A functional approach to protocol decoding

Intro

A few months ago I was confronted with the task to decode the communication of several devices on a CANopen bus. The dump was produced by the candump program, which is part of the GNU can-utils library, whose output looks similar to this:

can0  70F   [1]  7F
can0  721   [1]  7F
can0  0A1   [8]  02 FF 01 00 03 00 00 00
can0  000   [2]  82 00

My wish was to make this human readable, i.e. plain text. Without any deeper thought or reason I chose a (in my opinion) very functional approach for this task which is of so general nature that I wanted to devote it a blog post. Since CANopen is a rather complicated protocol and its details have nothing to do with the presented solution I will use a much simpler dummy protocol to prove my point. This does not affect generality however.

My original code was written in Python so I will start presenting my original solution in Python, followed by an implementation in Haskell with stronger type safety.

Protocol

Every protocol message consists of exactly 2 bytes. The first byte identifies the sender and the second byte the status of the sender, thus this is a read-only protocol where participants just broadcast their status.

The question of message send arbitration, etc. are not of interest here. We just assume we have some utility program which in the end will give us a file with the following contents

(1,2)
(3,0)
(5,1)
...

That means: One tuple per line with sender ID first followed by the status.

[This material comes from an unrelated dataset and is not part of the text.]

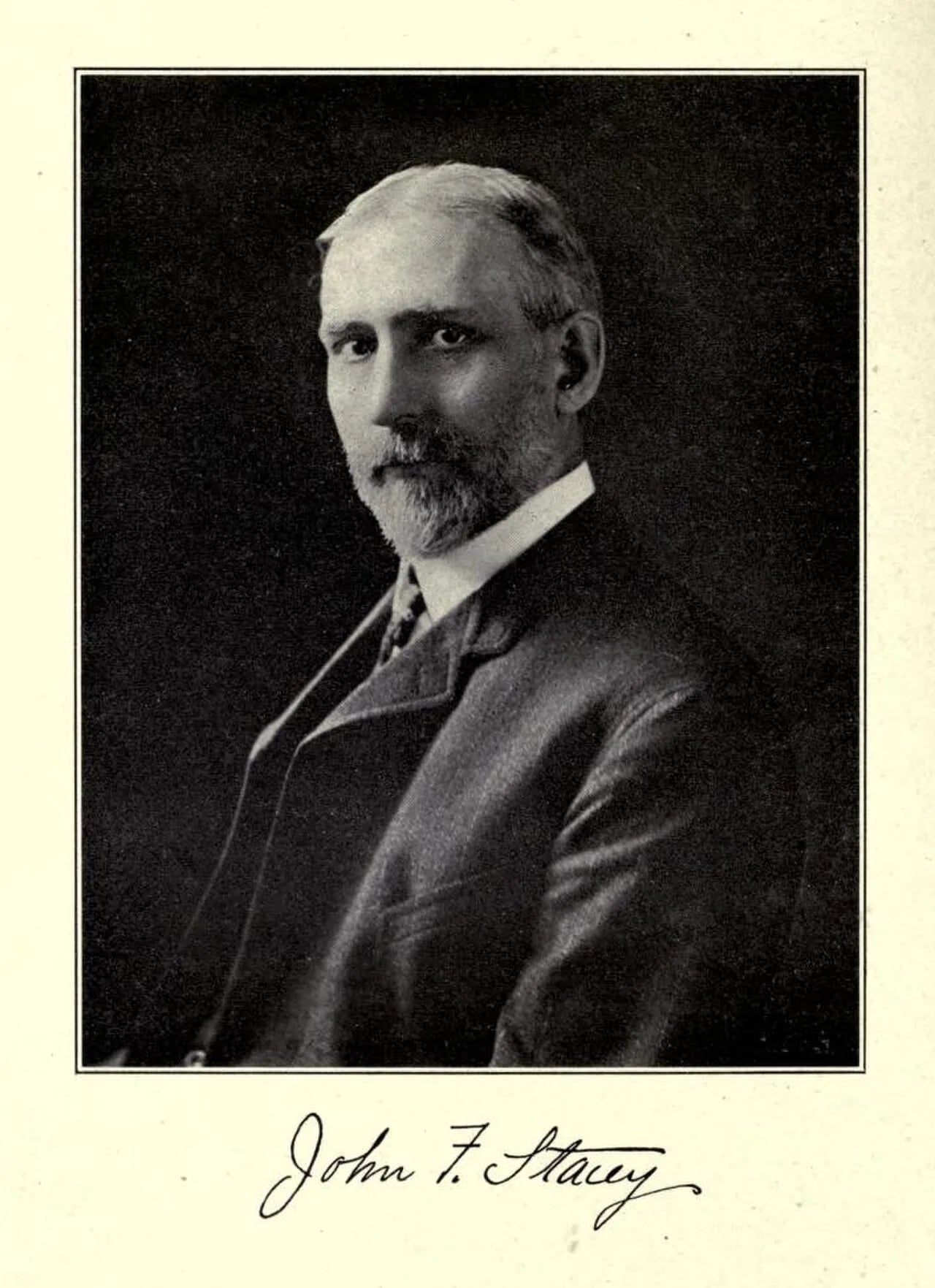 Porträt von John Franklin Stacey (1859–1941) – Gedenkseite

The network has the following known participants:

Name ID Status Codes
Motor_A 21 0: Not moving, 1: Moving, 2: Hardware defect
Motor_B 22 0: Not moving, 1: Moving, 2: Hardware defect
Motor_C 23 0: Not moving, 1: Moving, 2: Hardware defect
Sensor_A 41 0: Ok, 1: Above threshold, 2: Below threshold
Sensor_B 42 0: Ok, 1: Above threshold, 2: Below threshold
GPIO_A 51 0: Off, 1: On
GPIO_B 52 0: Off, 1: On
Device_A 2 0: Idle, 1: Processing, 2: Sending, 3: Error
Device_B 4 0: Idle, 1: Calculating

The details are really not important, the key point is: for a different device ID the same status code means a different thing, so we have to distinguish the devices in order to understand the meaning of the message. Note however that we have some very crude grouping in the sense that all motors start at ID 20, all sensors at ID 40, and so on.

Implementation

The concept is very simple: We are using a list of functions, so called interpreters, to handle the input. We only provide an interpreter for the things we are interested in. An interpreter is nothing more than a function which either returns None or a string. An interpreter receives a protocol message as its input and decides if it knows how to interpret (handle) this message. If it doesn’t it returns None. If it does it extracts the information and returns a nicely formatted string of the message’s content.

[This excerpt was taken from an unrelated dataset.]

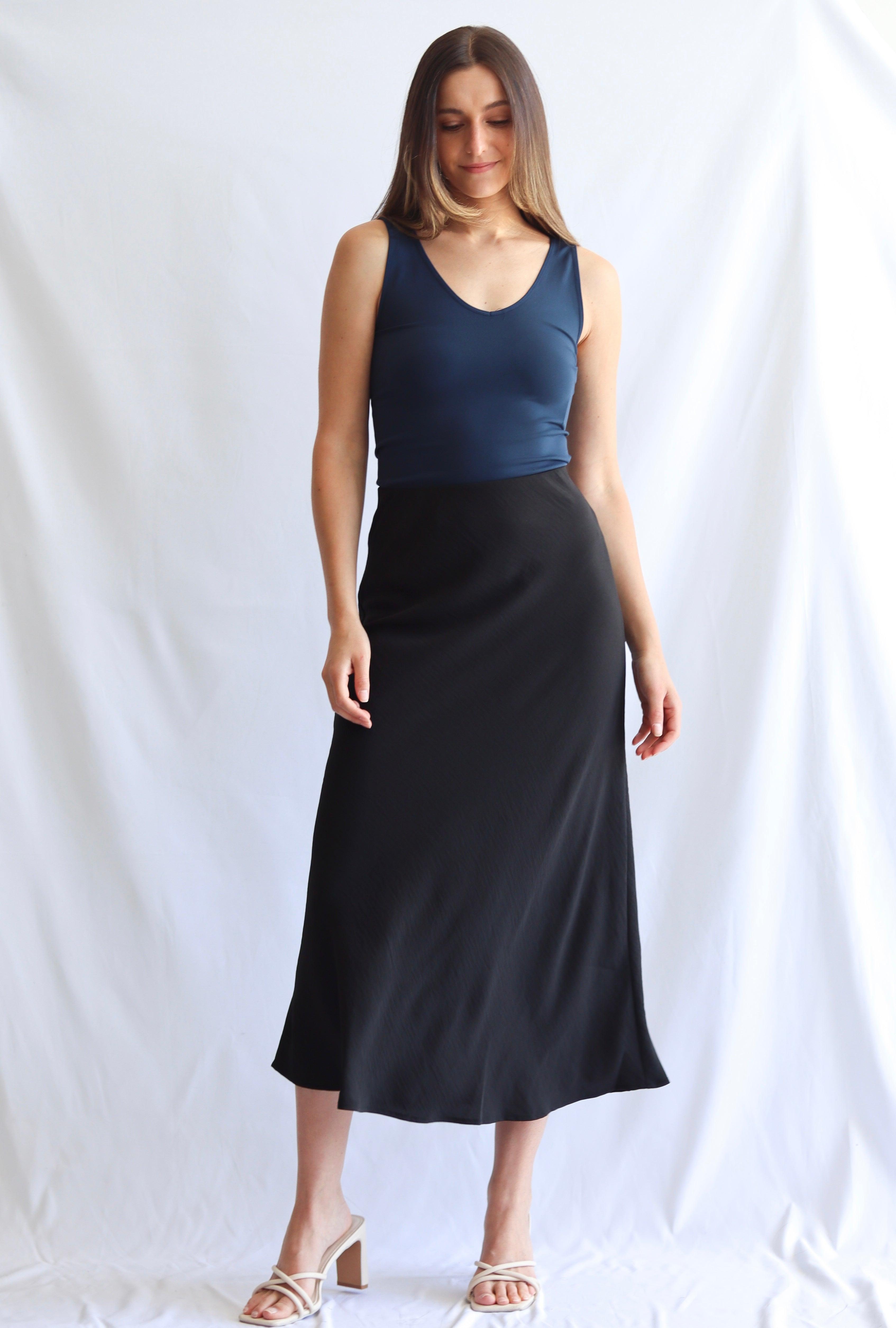 Slip Midi Skirt Product Image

Now comes the core idea of the implementation. The main decoding function does nothing more than looping through all available interpreters. The return value of the first interpreter not returning None will be used as the decoding result. If no interpreter matches some default behavior is invoked.

Here is a possible implementation:

def create_group_interpreter(range_start, range_end, status_map, group_name):
    def interpreter(ID, status):
        if range_start <= ID < range_end:
            device_nr = ID - range_start
            status_string = status_map.get(status, None)
            if status_string is None:
                return None
            else:
                return (f"{group_name} #{device_nr}: {status_string}")
        return None
    return interpreter


motor_status_map = {
    0: "Not moving",
    1: "Moving",
    2: "Hardware defect",
}

sensor_status_map = {
    0: "Ok",
    1: "Above threshold",
    2: "Below threshold",
}

gpio_status_map = {
    0: "Off",
    1: "On",
}


motor_interpreter = create_group_interpreter(20, 30, motor_status_map, "Motor")
sensor_interpreter = create_group_interpreter(40, 50, sensor_status_map, "Sensor")
gpio_interpreter = create_group_interpreter(50, 58, gpio_status_map, "GPIO")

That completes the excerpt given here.